Pour ma part, grands souvenirs aussi, mais bien moins héroïques !
J'ai souvenance d'un Ash fin saoûl du vendredi soir, vi, et pleurant à mon épaule la gueule en biais ("y m'écoutent pô ! bâ pourquoi ?").
Ravie d'avoir pu te servir de canne Cap'tain !
Le samedi matin, la tête qui tourne soudain, au grand brief, l'envie d'en découdre, mais les jambes qui flanchent.
Je me relève, persuadée qu'il FAUT que ça passe et que ça le fera.
Enfin, au milieu des Fiannas, dans la foule, je m'écroule.
Dame Agnès m'a reléguée sous les taillis à l'ombre tandis que 600 gaillards combattent.
Beau spectacle, même si j'aurais préférée être actrice que spectatrice.
Un peu plus tard, endormie sous ma tente (40° à l'ombre), je me réveille au son d'un cor en folie : attaque de camp !!
Je suis encore fébrile, mais une pulsion s'empare de moi.
Je me relève doucement et me saisis de mon épée.
Je ne suis plus Julie, qui a juré de prendre soin d'elle : je suis Brünnehilde !
L'épée, moins d'une minute plus tard, s'abat sur la jambe d'un rouge, maître d'arme de 20 ans, que je retrouverais sur presque tous mes combats. Je me fais évidemment trucider, mais l'adrénaline libérée m'a remis sur pied direct, avec un bon mal de crâne cependant.
Ni une ni deux ! Le combat fini, mes Fiannas débarquent, heureux de me revoir sur pied et avec le sourire.
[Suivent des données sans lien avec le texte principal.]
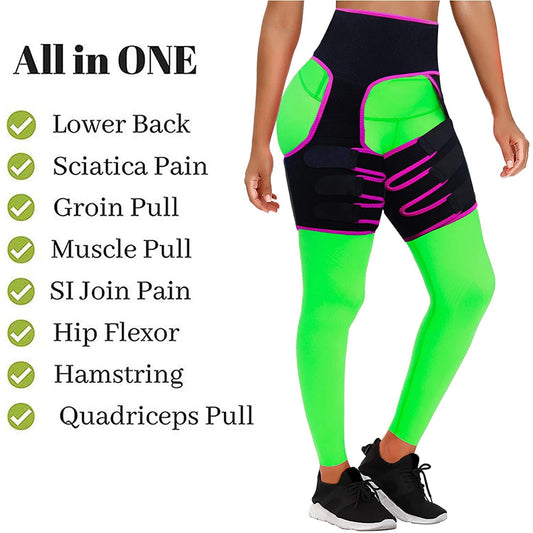 Frau mit grünem Hüftgurt, Kompressionsbandage, Schmerzlinderung, Sciatica, Sportbekleidung.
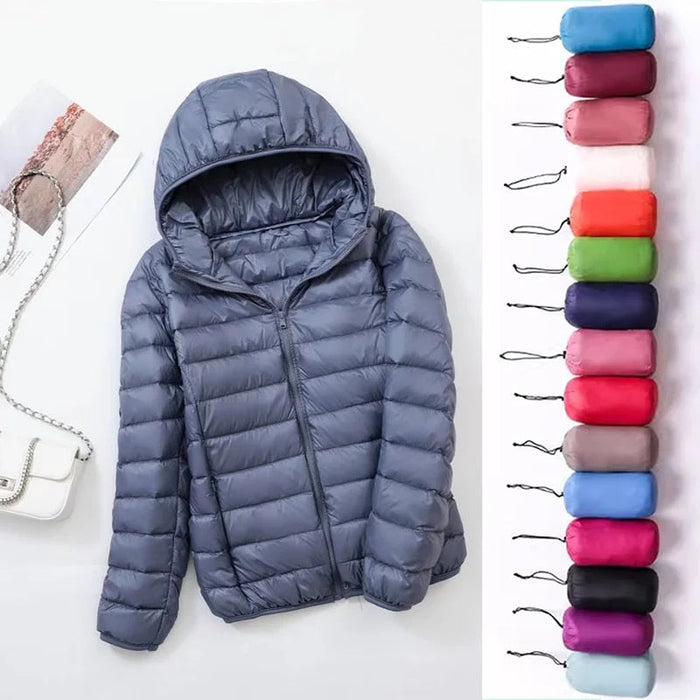 Omkeerbare donsjas voor dames met getailleerd silhouet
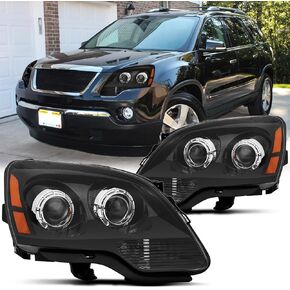 زوج المصابيح الأمامية المعتمدة من DOT متوافق مع 2007 2008 2009 2010 2011 2012 GMC Acadia SLE SLT غطاء أسود كهرماني عاكس OE مصابيح أمامية من نوع الهالوجين للسائق وجانب الركاب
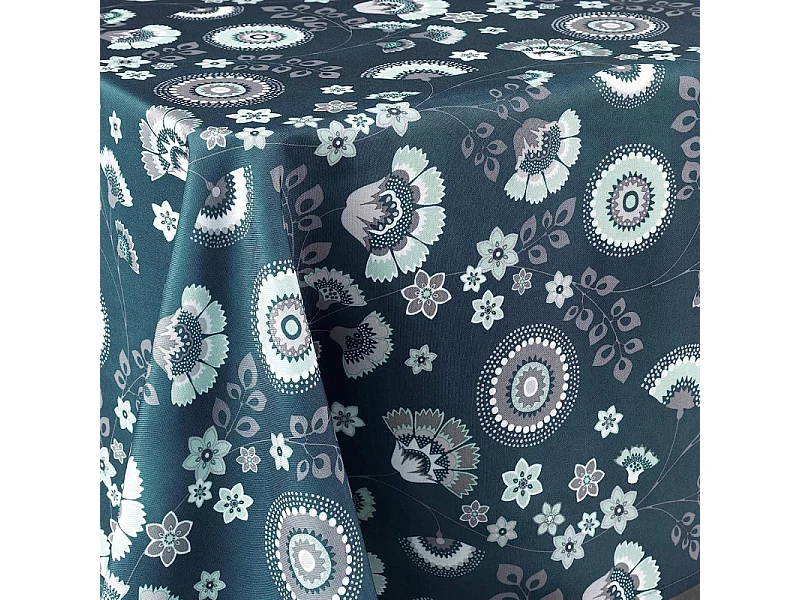 Nappe Imprimée "Garance" 145x240cm Bleu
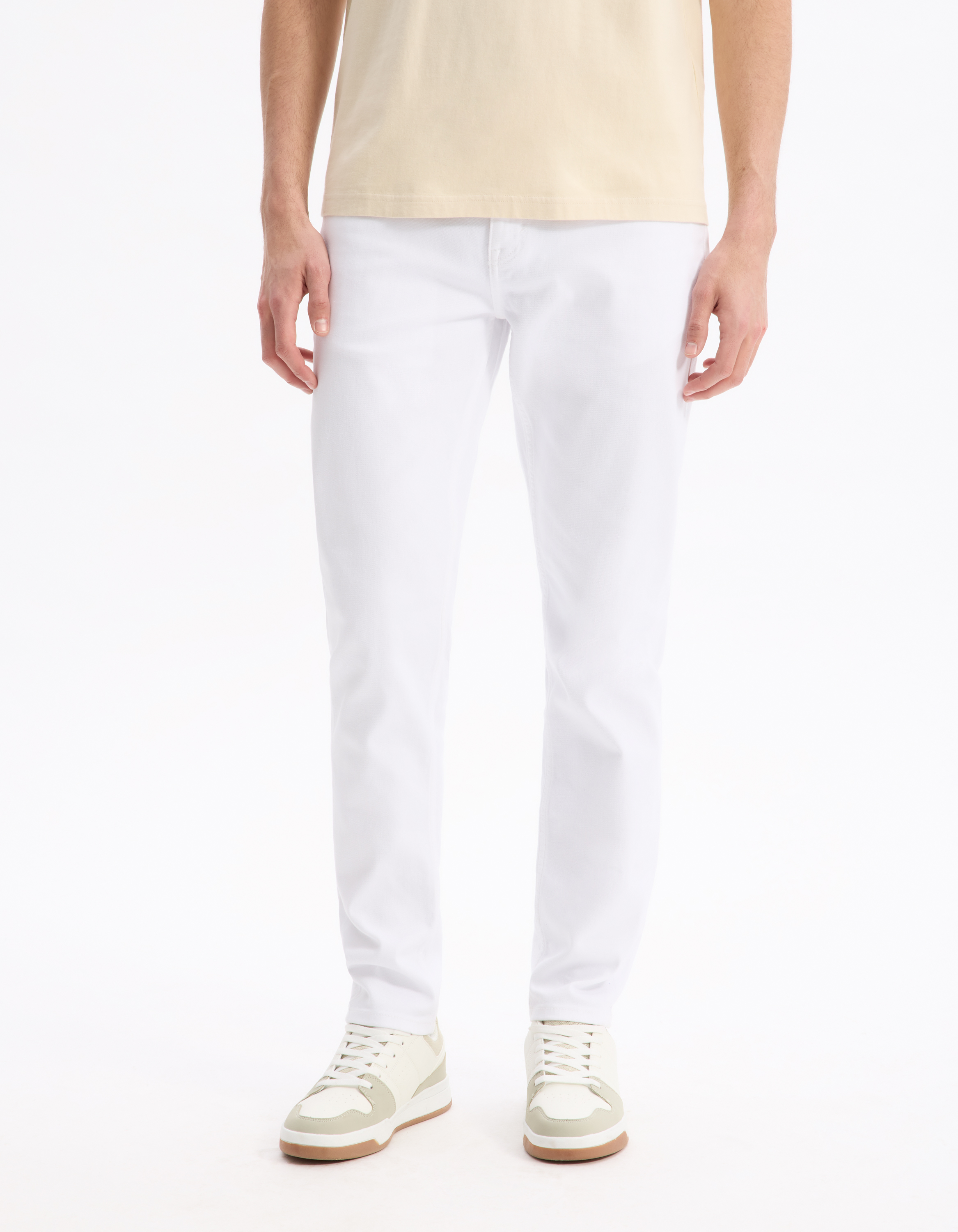 Jean slim coton stretch - blanc - camaieu - Modalova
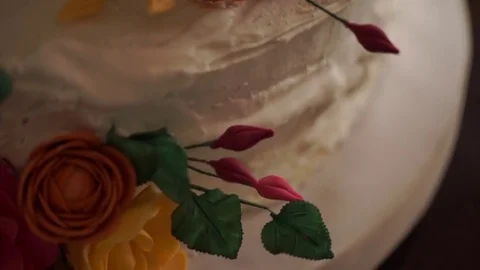 Wedding Cake in Reception table Stock Footage 73279712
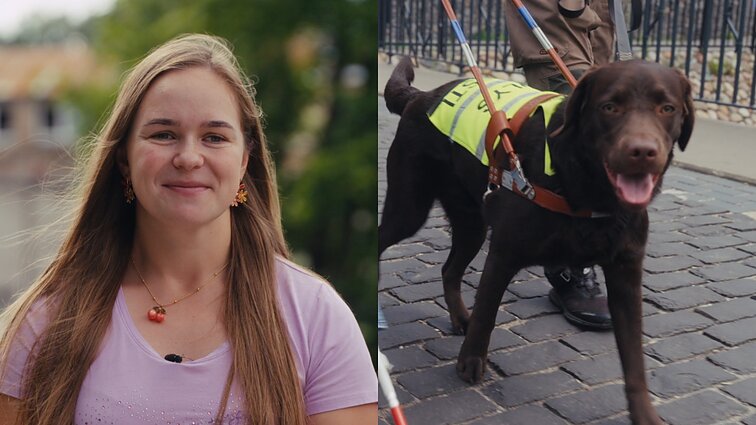 Paralimpietė Dobrovolska apie šunį vedlį: vien lazdelės neregiams neužtenka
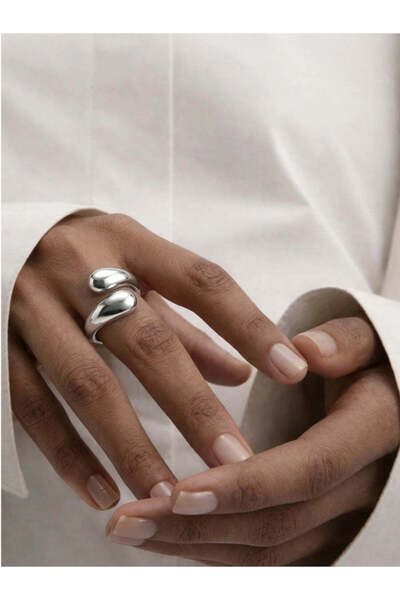 Vitastyle Silver Color Asymmetric Cross Design Adjustable Model Steel Ring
On rempile pour 2h30 de marche forcée dans le sous-bois.
Pas trace de notre mission ? Normal, ce sont d'autres bleus qui nous l'ont souffler sous le nez, ne nous voyant pas revenir !!!
Et puis le samedi soir, la marche forcée à travers la forêt au cours de laquelle je tombe sur un ange fou en armure... Oubliées les Fiannas, perdus de vue les rouges ! Poutrage, banquet et incursion dans la taverne sur les coups de 1 heure du mat.
Mais le monde autour existe encore, un moment d'inattention à discuter avec Sinoke, qui nous a rejoint, et c'est la fin ! Mon bel EM se fait capturer sous nos yeux embués d'alcool.
Enfer et damnation ! On rentre au camp déçus, honteux.
Même pas réussi notre mission personnelle : trouver un endroit tranquille pour boire et discuter.
Enfin, la sauvegarde du fortin du dimanche matin, moment mémorable où je retombe sur Thomas, le jeune maître d'arme, et où cette fois, pour la première fois, je le fais tomber et je meurs avec lui. Petit échange de jetons...
Très, très bons moments, qui ont changé ma vision du monde au moment où je m'y attendais le moins !
Merci encore à tous de votre soutien, de votre présence.